I am trying to prove that $$\frac{S_n=\sum_{k=1}^n X_k^2-n}{\sqrt{n}}$$ converges in distribution, where $X_i$ are iid. and are normally distributed with mean 0 and variance 1.
I defined $X_{n,k}=\frac{X_k^2-1}{\sqrt{n}}$ its expected value is zero, the sum of variances of $X_{n,k}$ converges to 3, so the only thing left is to check Linderberg condition.
$$ \forall\epsilon_{>0}\space lim_{n\to\infty}\sum_{k=1}^{n}|\frac{X_k^2-1}{\sqrt{n}}|1_{|\frac{X_k^2-1}{\sqrt{n}}|>\epsilon}=0$$, but I am not sure on how to do that, the expected value of $X_k^2$ is 1 , so it might be true, but I am not sure how to argument it, as $X_k^2$ is surely not bounded.

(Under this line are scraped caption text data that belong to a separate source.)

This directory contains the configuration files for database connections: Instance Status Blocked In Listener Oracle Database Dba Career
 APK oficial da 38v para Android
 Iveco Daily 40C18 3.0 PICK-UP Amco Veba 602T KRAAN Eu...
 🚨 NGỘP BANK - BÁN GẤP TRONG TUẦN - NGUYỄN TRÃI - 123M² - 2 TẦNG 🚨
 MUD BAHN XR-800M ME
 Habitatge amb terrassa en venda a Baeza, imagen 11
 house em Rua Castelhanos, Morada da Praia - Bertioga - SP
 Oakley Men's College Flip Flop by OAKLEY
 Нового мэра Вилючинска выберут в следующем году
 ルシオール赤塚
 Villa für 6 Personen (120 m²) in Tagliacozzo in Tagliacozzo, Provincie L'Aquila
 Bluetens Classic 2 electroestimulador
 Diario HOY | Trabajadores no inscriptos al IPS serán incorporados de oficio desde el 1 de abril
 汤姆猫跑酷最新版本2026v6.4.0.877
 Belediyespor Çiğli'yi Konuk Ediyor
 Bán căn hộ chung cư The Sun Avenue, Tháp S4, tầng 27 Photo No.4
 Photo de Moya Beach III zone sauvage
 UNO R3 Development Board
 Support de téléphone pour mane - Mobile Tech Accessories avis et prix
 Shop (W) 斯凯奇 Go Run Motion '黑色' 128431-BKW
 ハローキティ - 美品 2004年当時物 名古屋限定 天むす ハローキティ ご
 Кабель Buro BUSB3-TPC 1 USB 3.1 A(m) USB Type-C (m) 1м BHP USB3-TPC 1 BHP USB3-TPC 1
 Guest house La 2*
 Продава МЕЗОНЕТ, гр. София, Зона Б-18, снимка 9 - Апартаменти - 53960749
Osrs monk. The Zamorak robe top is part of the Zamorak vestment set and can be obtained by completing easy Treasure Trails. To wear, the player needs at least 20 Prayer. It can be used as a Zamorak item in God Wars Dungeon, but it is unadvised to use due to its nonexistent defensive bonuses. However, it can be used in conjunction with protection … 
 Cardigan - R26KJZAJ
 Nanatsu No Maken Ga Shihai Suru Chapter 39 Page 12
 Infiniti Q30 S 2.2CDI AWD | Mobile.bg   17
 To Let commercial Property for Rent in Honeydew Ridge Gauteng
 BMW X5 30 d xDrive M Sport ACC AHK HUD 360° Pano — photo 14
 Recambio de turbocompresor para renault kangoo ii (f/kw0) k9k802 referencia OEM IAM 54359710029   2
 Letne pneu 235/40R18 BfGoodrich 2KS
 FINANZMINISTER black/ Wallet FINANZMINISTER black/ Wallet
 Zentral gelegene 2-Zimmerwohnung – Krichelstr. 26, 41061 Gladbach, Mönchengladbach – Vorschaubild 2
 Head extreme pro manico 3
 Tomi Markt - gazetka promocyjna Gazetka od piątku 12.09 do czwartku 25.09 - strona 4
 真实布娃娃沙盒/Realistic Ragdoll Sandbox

The result that you desire is actually true in slightly more generality. Instead of having $X_i \sim^\text{iid} N(0,1)$ -- which we note has fourth moment $E(X^4) = 3$ (see this Wiki page) -- let them be general iid random variables with second moment $E(X^2) = \mu$ and fourth moment $E(X^4) = \sigma^2$.
Now define $Y_i = X_i^2$; note that $E(Y_i) = E(X_i^2) = \mu$ and $E(Y_i^2) = E(X_i^4) = \sigma^2$, and that the $Y_i$ are iid. We may then apply the CLT (see Section 21 of these lecture notes by James Norris for a rigorous, readable treatment of the CLT). Doing this, we deduce that $$S_n = \frac{\sum_{i=1}^n Y_i - n \mu}{\sigma \sqrt n} = \frac{\sum_{i=1}^n X_i^2 - n \mu}{\sigma \sqrt n} \to^d N(0,1).$$
In your specific case, we have $\mu = E(Y_i) = E(X_i^2) = 1$ and $\sigma^2 = E(Y_i^2) = E(X_i^4) = 3$. Hence we deduce that $$ \frac{\sum_{i=1}^n X_i^2 - n}{\sqrt{3n}}.$$ (Note that this is not quite what you thought: you just missed a factor $1/\sqrt3$, due to the fact that $E(X_i^4) = 3$, not $1$.)
I don't know what the Lindenberg condition is (although I recognise the form---I think it's to do with proving Berry-Esséen estimates, which control the error in the approximation); but it is unnecessary for the standard CLT.